A guerra faz-se entre paredes, as nossas, ornamentadas a nosso gosto e coloridas com a alma. Mesmo assim, insuportáveis.
Uma casa cheia de humanos que escolhemos por amor, dizem os felizardos. Outras vazias, por escolha ou infortúnio. Outras onde o ódio escorre pelas paredes, se fecha em punhos e nasce em pisaduras. Outras onde, finalmente, se vive o tempo.
O inimigo tem dois soldados, a nossa mente e o nosso irmão e não sairemos vivos se lutarmos com o ego e não com liberdade. Não a nossa, mas a do outro. Sentenciar alguém à morte não nos faz livres.
Agora, que há tempo para olhar o céu, para contar as estrelas e encher o peito de ar puro… Agora que somos todos imigrantes habitacionais saudosos. Agora que somos iguais na falta de liberdade, que nos encontramos na ansiedade, no medo, na sombra e na incerteza… agora que não há abraços, que no olhar há desconfiança e desconforto, que não se vê o bicho nem os carros topo de gama (que assim como os carrinhos de mãos, descansam nas garagens).
Agora, que haja luz.
Agora, sejamos luz!
E compaixão, e simpatia, valentia, força e solidariedade. Que sejamos mais humanos, sabedores e conscientes. Afinal, somos livres. E eu só escrevo porque alguém lutou pela liberdade na ponta da minha língua e caneta.
Então sejamos, LIVRES! A provar saber o que é ser isso em tempos pandémicos, onde somos heróis ao lavar as mãos. Livres, como nos permitiram ser, como nos continuamos a permitir ser.
Sejamos crianças graúdas em recreio, a brincar aos berlindes com a nossa alma e a ouvir-nos. Todo o tempo do mundo é insuficiente para isso.
E na sombra, o amor.
que haja amor.
hoje, mais do que qualquer outro dia.
muito amor.
pelo o outro, por nós, pelo país e pelo mundo. por todas as cores, etnias, sexos, géneros e idades. amor sem toque, gesticulado à distância, reconhecido na voz e humedecido no rosto. hoje, mais do que qualquer outro dia, que haja amor.
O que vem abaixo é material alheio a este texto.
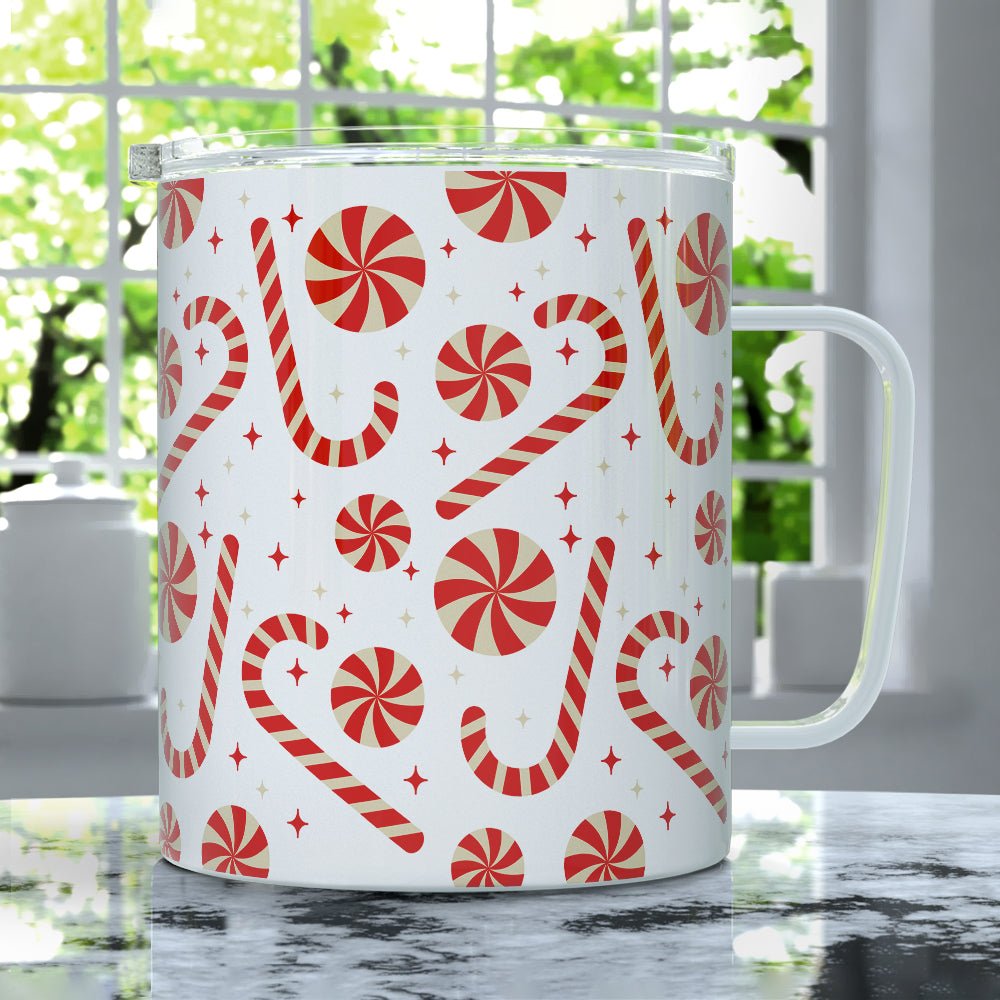 Candy Cane Insulated Travel Mug - Loftipop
E quando ficar tudo bem, que não volte o desamor.
Vai ficar tudo bem.
3 Comments
Que texto lindo!!!! Escreves tão bem e fazes com que eu seja tão feliz a ler os teus textos. Só quero dizer…. Obrigada
Ana, obrigada. É bom voltar a casa ♥️
Michelle, ler estas palavras é como ouvir sair da tua própria boca.
Obrigada por este texto , nele tu unes dois momentos da história da nossa vida – um em que conquistamos a liberdade e outro em que devemos aproveitar para repensar como a usar!